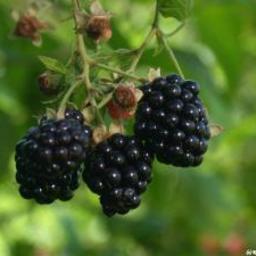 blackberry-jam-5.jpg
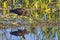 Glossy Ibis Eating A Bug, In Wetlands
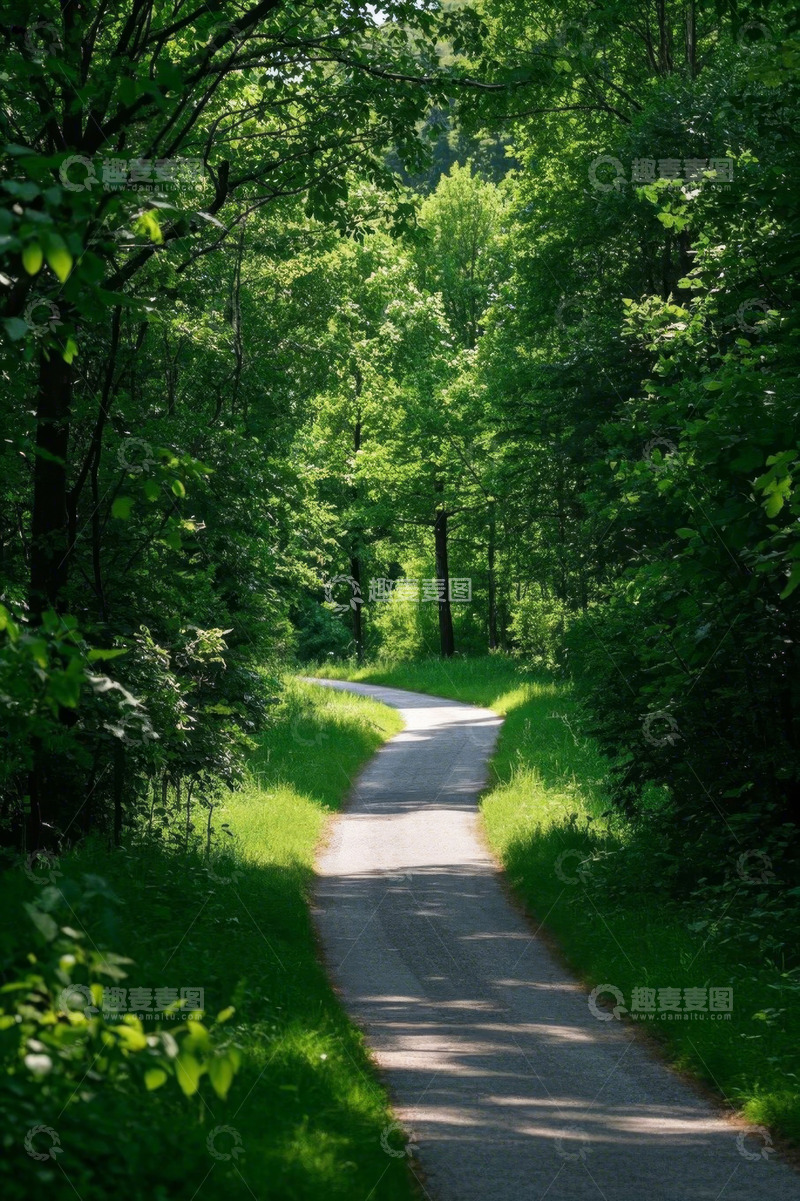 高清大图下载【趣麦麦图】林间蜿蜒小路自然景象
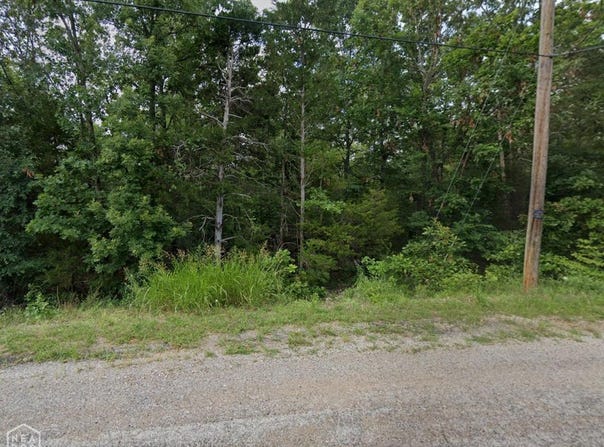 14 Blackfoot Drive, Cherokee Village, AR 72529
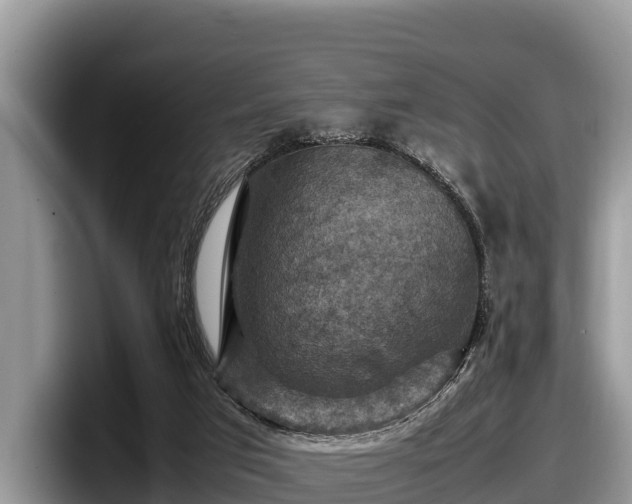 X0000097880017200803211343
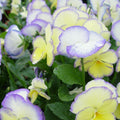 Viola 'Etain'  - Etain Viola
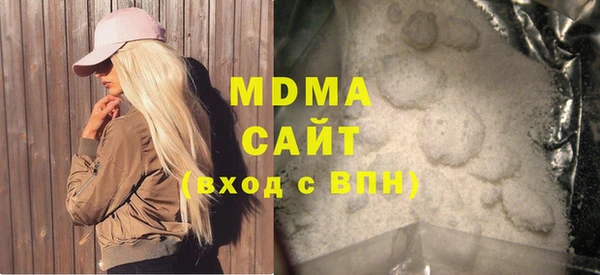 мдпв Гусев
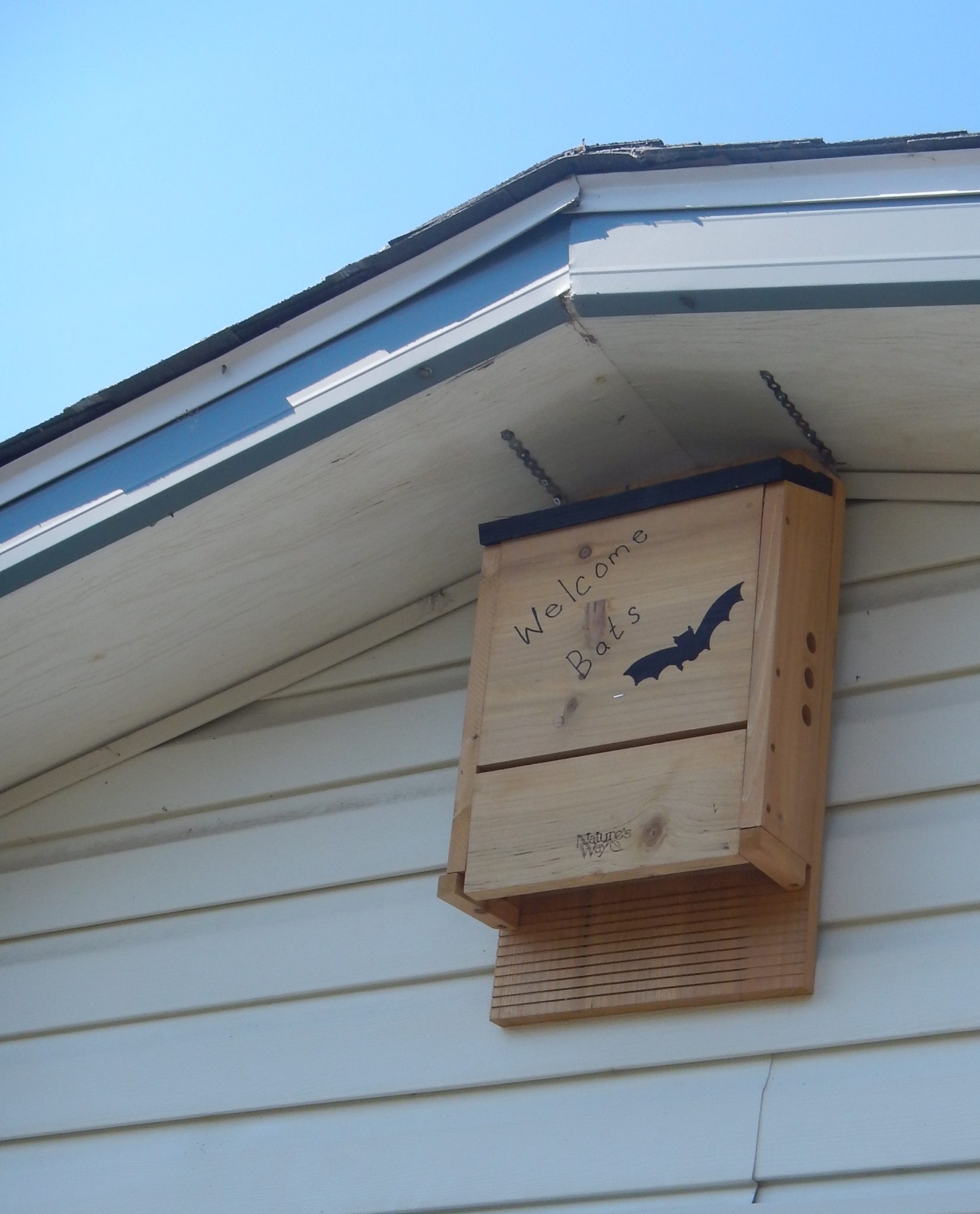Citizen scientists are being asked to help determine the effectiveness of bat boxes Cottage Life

* * *

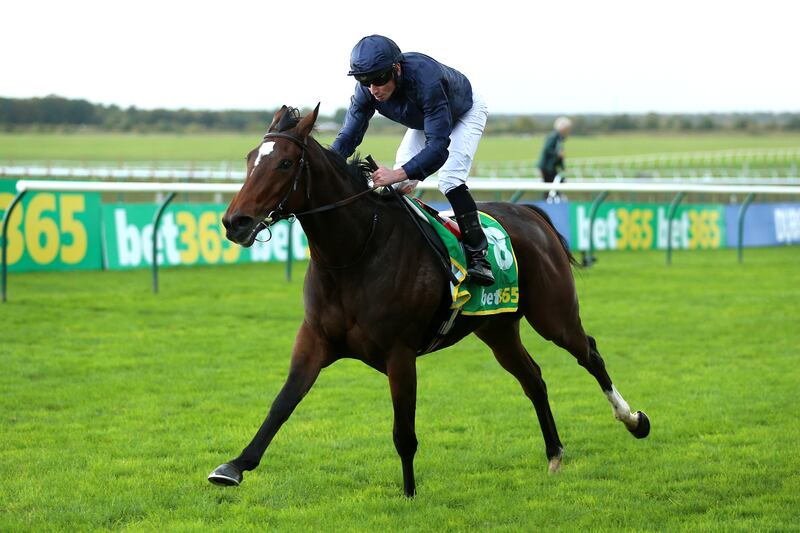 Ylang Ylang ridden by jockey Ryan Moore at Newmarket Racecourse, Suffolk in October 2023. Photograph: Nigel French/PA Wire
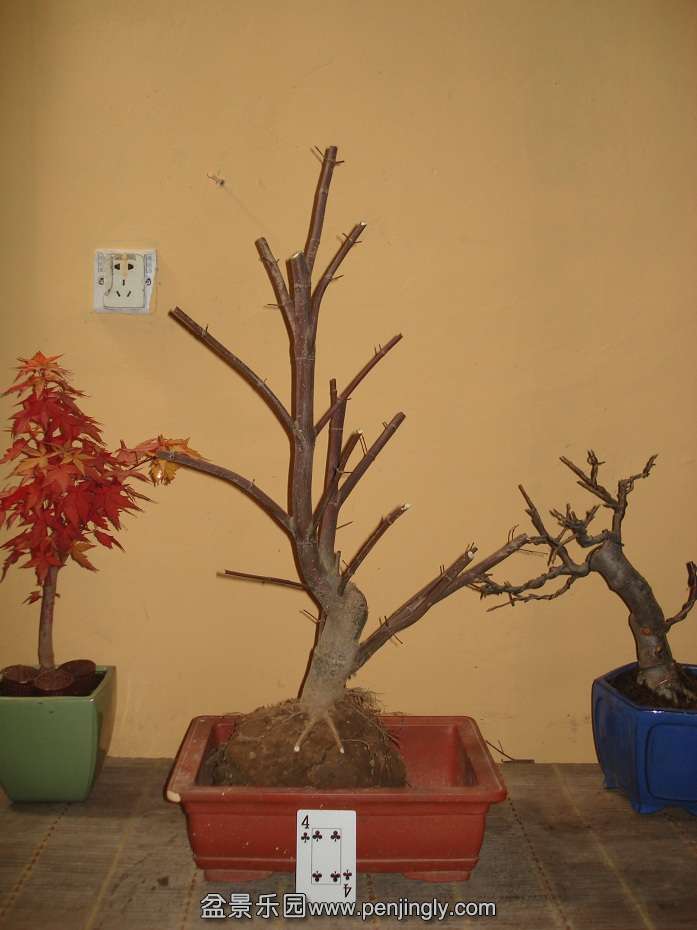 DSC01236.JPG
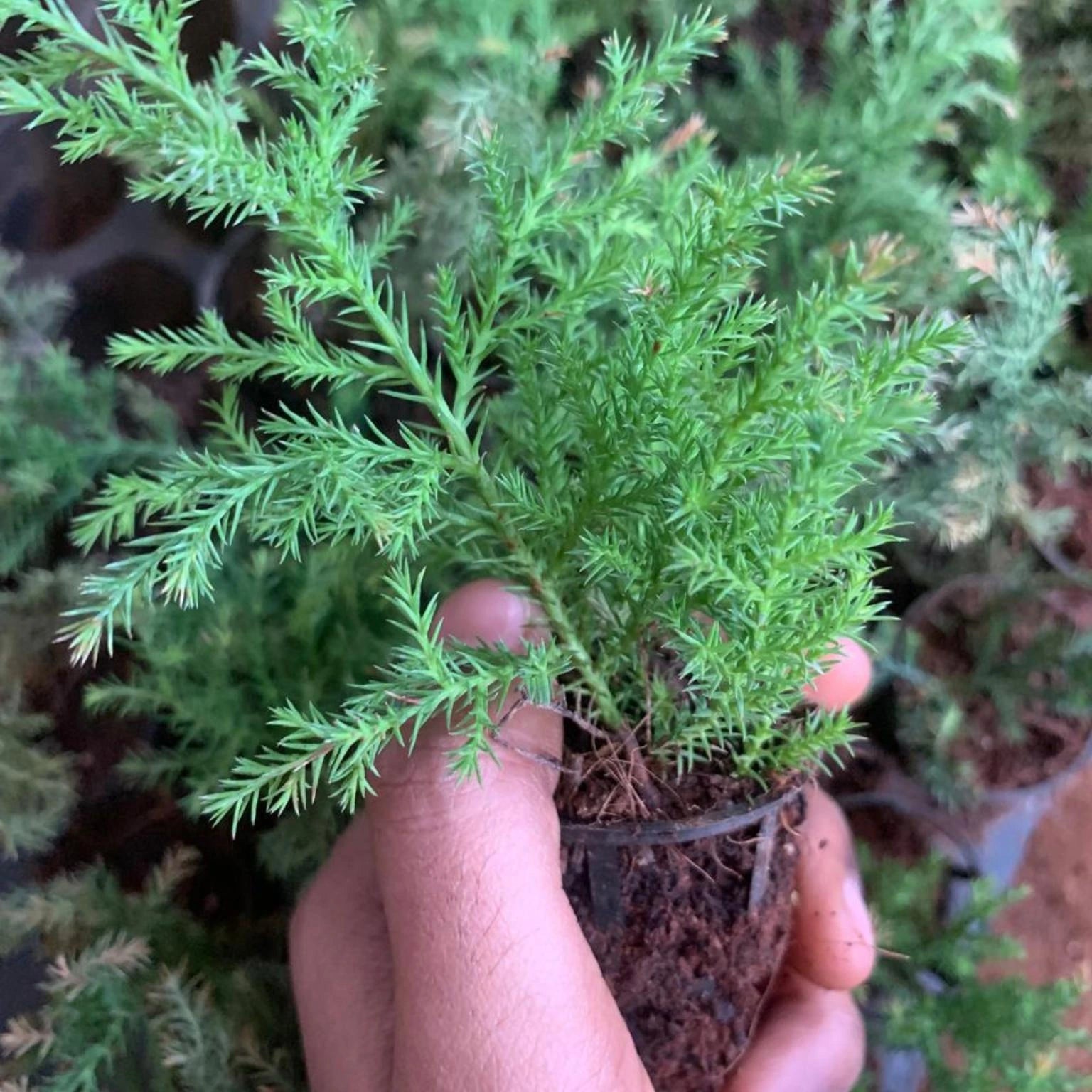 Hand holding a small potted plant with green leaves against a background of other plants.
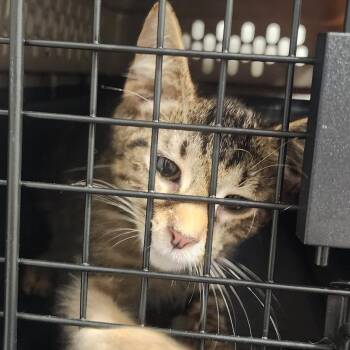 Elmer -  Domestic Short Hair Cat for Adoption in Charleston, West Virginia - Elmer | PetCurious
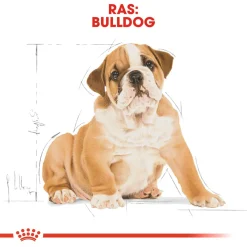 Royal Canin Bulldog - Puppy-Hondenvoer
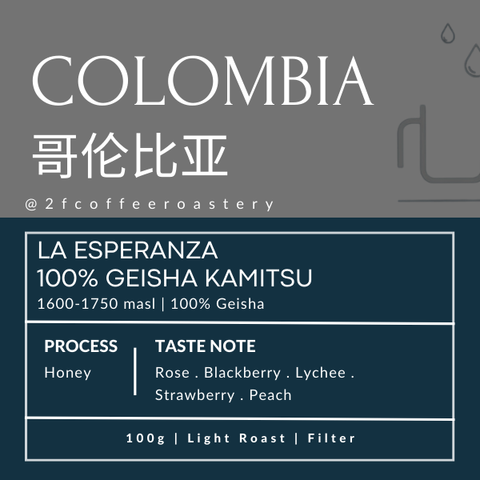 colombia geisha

■ **What to produce**
Word for word, restate the lines above from the one with "Ylang Ylang ridden" through the one with "colombia geisha", keeping both ends and dropping the pictures.

■ **Completed task**
 Ylang Ylang ridden by jockey Ryan Moore at Newmarket Racecourse, Suffolk in October 2023. Photograph: Nigel French/PA Wire
 DSC01236.JPG
 Hand holding a small potted plant with green leaves against a background of other plants.
 Elmer -  Domestic Short Hair Cat for Adoption in Charleston, West Virginia - Elmer | PetCurious
 Royal Canin Bulldog - Puppy-Hondenvoer
 colombia geisha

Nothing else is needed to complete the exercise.